Les luttes féministes ont permis de percer des brèches dans le tabou des violences spécifiques envers les femmes. Pour tenter de bâillonner ce mouvement, des attaques sont continuellement lancées contre les organisations féministes qui plaident cette cause et contre les femmes qui osent dénoncer les violences subies. Ces attaques sont particulièrement virulentes lorsqu’un homme occupant une position de pouvoir est indexé.

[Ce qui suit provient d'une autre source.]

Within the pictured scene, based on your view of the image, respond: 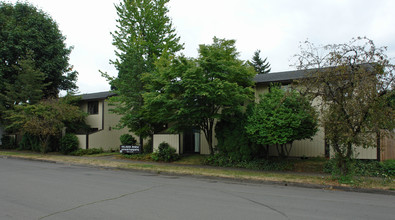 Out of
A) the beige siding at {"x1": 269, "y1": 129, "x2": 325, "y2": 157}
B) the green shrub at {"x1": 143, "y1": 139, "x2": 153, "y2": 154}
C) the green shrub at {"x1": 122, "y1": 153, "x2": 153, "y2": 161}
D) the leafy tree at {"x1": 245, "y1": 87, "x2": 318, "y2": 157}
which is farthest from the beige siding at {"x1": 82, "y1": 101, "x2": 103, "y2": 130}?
the beige siding at {"x1": 269, "y1": 129, "x2": 325, "y2": 157}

M. Pradel Henriquez, ministre de la Culture, rejoint ouvertement les rangs de ceux qui prétendent imposer le silence aux femmes. Dans un texte, diffusé le 12 septembre 2020, sur sa page Facebook, le ministre défend un agresseur présumé —son ami et collègue M. Dangelo Néard, l’actuel Directeur général de la Bibliothèque nationale—, et attaque les femmes qui osent nommer leurs agresseurs ainsi que les organisations féministes qui accompagnent les femmes violentées. Le ministre voudrait faire passer les dénonciatrices pour un « laboratoire de femmes qui fabrique des accusations de viol ; et qui dispose de « fonds destinés à financer de faux témoignages de viol ». Le ministre va jusqu’à endosser la posture du juge d’instruction, qui conclut à un complot ourdi par des « délinquantes, des scélérates » et appelle la police judiciaire à « démanteler ce gang de faussaires ».

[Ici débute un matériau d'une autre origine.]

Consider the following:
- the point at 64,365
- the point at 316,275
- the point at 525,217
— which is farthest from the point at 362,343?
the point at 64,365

Avec sa diatribe machiste et antiféministe, M. Henriquez ne se comporte par comme un ministre. Il pense pouvoir, d’une part, porter atteinte à la crédibilité des organisations féministes et, d’autre part, intimider et dissuader les femmes qui veulent dénoncer leurs agresseurs. Apparemment, le ministre de la Culture ignore qu’en Haïti la mobilisation contre les violences envers les femmes date de l’occupation américaine (1915-1934), qu’avec la résurgence du mouvement des femmes, en 1986, les campagnes sont continuelles et, qu’en 1994, Haïti a ratifié la Convention interaméricaine contre les violences envers les femmes (Belém Do Pará). Et, par-dessus tout, le ministre voudrait occulter le fait que de plus en plus de femmes assument courageusement de nommer publiquement leurs agresseurs, quels qu’ils soient.
Les violateurs des droits des femmes se retrouvent dans tous les milieux sociaux.

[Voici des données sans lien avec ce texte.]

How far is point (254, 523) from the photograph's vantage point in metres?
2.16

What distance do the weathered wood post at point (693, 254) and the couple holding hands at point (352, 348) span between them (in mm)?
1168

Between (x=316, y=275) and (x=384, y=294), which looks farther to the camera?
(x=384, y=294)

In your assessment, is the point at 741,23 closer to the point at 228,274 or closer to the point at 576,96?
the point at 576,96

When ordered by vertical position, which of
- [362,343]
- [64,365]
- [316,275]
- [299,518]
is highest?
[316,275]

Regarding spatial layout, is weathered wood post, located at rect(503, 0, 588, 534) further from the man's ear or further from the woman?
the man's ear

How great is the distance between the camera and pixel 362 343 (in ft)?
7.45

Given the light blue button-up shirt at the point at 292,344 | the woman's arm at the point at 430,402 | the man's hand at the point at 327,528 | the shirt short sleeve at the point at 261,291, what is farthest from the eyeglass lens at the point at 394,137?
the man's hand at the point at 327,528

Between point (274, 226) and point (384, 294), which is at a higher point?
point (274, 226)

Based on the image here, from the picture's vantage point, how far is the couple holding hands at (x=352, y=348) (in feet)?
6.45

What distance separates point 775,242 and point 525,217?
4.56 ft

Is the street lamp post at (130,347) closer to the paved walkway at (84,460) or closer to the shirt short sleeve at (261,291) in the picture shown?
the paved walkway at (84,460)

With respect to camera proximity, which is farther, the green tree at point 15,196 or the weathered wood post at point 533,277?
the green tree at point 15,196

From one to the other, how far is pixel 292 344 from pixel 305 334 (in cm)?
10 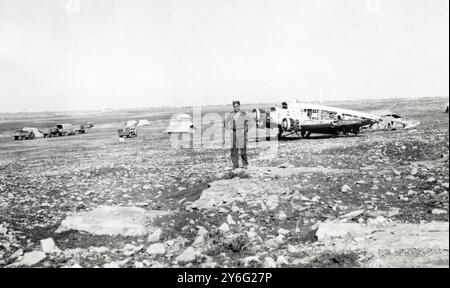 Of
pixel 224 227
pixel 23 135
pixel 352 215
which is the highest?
pixel 352 215

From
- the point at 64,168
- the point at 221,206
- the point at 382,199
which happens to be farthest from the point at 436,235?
the point at 64,168

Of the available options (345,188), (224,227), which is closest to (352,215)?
(345,188)

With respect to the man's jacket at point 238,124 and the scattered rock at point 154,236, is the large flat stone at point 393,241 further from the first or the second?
the man's jacket at point 238,124

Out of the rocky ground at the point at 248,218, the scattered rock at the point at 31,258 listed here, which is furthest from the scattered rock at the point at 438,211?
the scattered rock at the point at 31,258

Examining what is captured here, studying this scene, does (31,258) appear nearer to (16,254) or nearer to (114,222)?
(16,254)

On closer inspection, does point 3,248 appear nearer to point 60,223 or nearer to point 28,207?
point 60,223

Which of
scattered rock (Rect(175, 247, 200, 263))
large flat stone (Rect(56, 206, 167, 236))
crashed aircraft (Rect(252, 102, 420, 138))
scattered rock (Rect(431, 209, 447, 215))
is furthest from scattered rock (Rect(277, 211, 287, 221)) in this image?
crashed aircraft (Rect(252, 102, 420, 138))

L’origine sociale d’un agresseur ou ses liens avec une autorité politique ne sauraient rentrer en ligne de compte et certainement pas ôter le droit des femmes de les dénoncer.
En dépit des attaques pernicieuses, les féministes entendent résolument continuer à lutter contre les violences sexistes et sexuelles, à contrer la masculinité toxique et à être solidaires des femmes violentées. Rompre avec le déni des violences masculines, en particulier les agressions sexuelles, reste et demeure essentiel dans la lutte pour le respect de la dignité des femmes.
14 septembre 2020
Pour authentification : Danièle Magloire, Porte-parole de Kay Fanm
Les signataires
1. Kay Fanm
2. Solidarite Fanm Ayisyèn (Sofa)
3. Fanm Deside
4. Asosyasyon fanm solèy d Ayiti (Afasda)
5. Rezo Fanm nan radyo kominotè ayisyen (Refraka)
6. Groupe d’appui au développement du Sud (Gades)
7. Fanm Yo La
8. Fondation Toya
9. Nègès Mawon
10. Sabine Manigat, féministe indépendante
Cette prise de position est appuyée par : Kettly Mars, autrice ; Evelyne Trouillot, autrice ; Antoinette Duclair, journaliste féministe ; Marijàn, organisation féministe.